Seminar: High-throughput Sequencing Data Analysis

58312301
3
Bioinformatics
Advanced studies
Year Semester Date Period Language In charge
2013 spring 14.01-22.04. 3-4 English Leena Salmela

Lectures

Time Room Lecturer Date
Mon 14-16 C220 Leena Salmela 14.01.2013-18.02.2013
Mon 14-16 C220 Leena Salmela 11.03.2013-22.04.2013
Mon 14-16 C220 Leena Salmela 29.04.2013-29.04.2013

General

The first session will be on Jan. 14th.

We have entered the post genomic era as the genomes of many species have been sequenced. But having the genome sequence is not enough. We should also understand how the genome works. Currently big international projects, like ENCODE, are attempting to answer this question using high throughput sequencing.

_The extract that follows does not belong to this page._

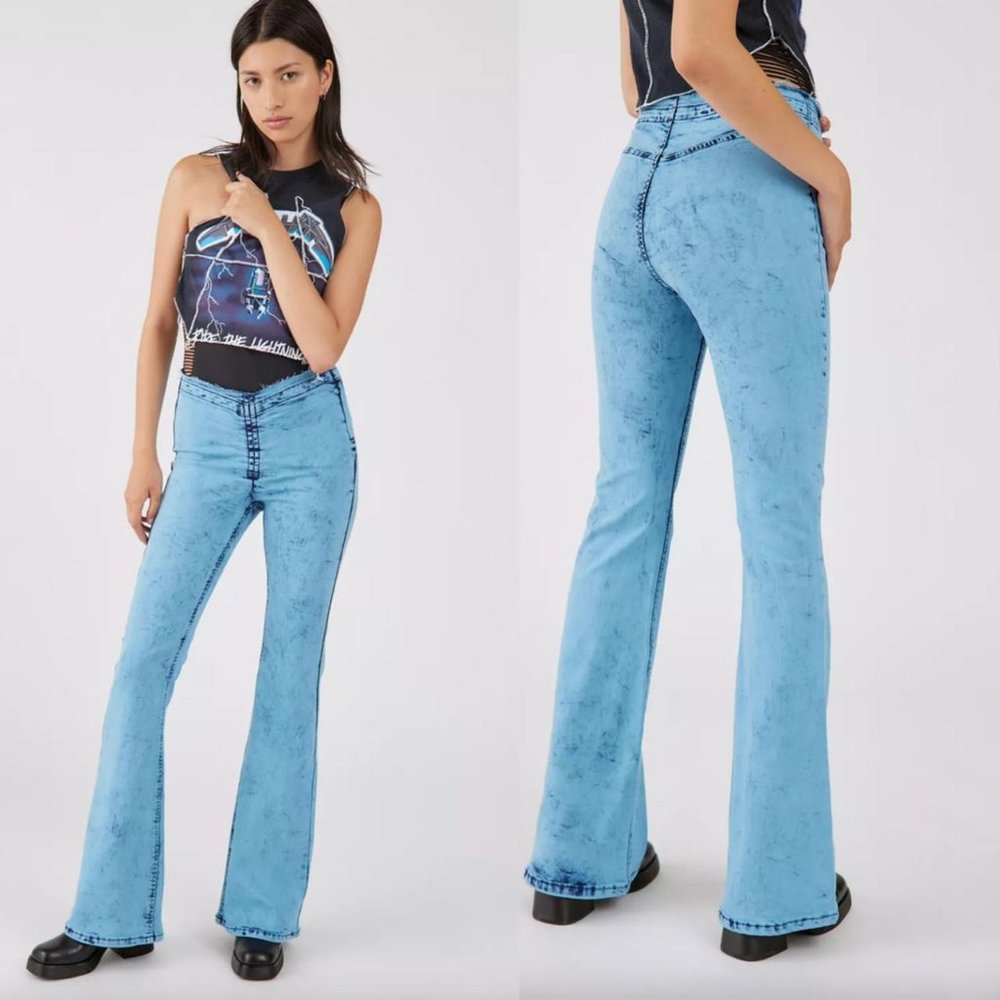 Urban Outfitters BDG Ruched V-Front Dipped Flare Jean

The first step in analyzing high-throughput sequencing data is often mapping the reads to a reference. Mapping is only a starting point and the aim of this seminar is to get familiar with the data analysis methods beyond mapping. These issues include variation calling (identifying SNPs, structural variation, copy number variation...), the analysis of epigenetic data (methylation studies, histone modifications) and the analysis of metagenomic data. Below are some possible topics to choose from. Students are also welcome to propose their own topics.

Topics

  1. Epigenetics
    1. DNA Methylation (Marcus, peer reviewers: Chengyu, Ni)
    2. Histone modifications (Chengyu, peer reviewers: Marcus, Elina)
  2. Metagenomics
    1. Determining species composition (Elina, peer reviewers: Ni, Alejandra)
  3. Assembly
    1. Haplotype assembly (Roman, peer reviewers: Elina, Diyu, Chengyu)
    2. Utilizing single molecule sequencing technologies in de novo assembly (e.g. PacBio) (Diyu, peer reviewers: Roman, Chengyu)
  4. RNAseq
    1. Gene expression analysis (Kristiina, peer reviewers: Alejandra, Marcus)
    2. Inferring transcripts (Alejandra, peer reviewers: Kristiina, Roman)
  5. Variation calling
    1. SNP calling (Ni, peer reviewers: Kristiina, Diyu, Roman)
    2. Structural variation
    3. Copy number variation

Schedule

  • 14.1. Introduction. Choosing topics and presentation dates
  • 21.1. and 28.1. One-to-one meetings with students
    • Before this meeting prepare a short (at most one paragraph of text) description of the topic and find possible references to be studied
    • Kristiina: 21.1. in C220 14:15
    • Elina 21.1. in C220 15:30
    • Diyu 28.1. in B230 11:30
    • Roman: 28.1. in C220 14:15
    • Marcus: 28.1. in C220 14:45
    • Alejandra 28.1. in C220 15:15
    • Ni 29.1. in B230 13:00
  • 18.2. Deadline for the first draft of the report
    • The first draft should have at least 3-4 pages of text
    • Email the draft to the instructor and your peer reviewers
  • 25.2. Comments to the first draft
    • Email the comments to the instructor and the author of the report
  • Presentations in the 4th period:
    • 11.3. (not any presentations)
    • 18.3. Elina
    • 25.3. Roman
    • 8.4. Ni and Chengyu
    • 15.4. Cancelled
    • 22.4. Diyu and Marcus
    • 29.4. Alejandra and Kristiina

The final report is due on Thursday before the presentation (email to all seminar participants).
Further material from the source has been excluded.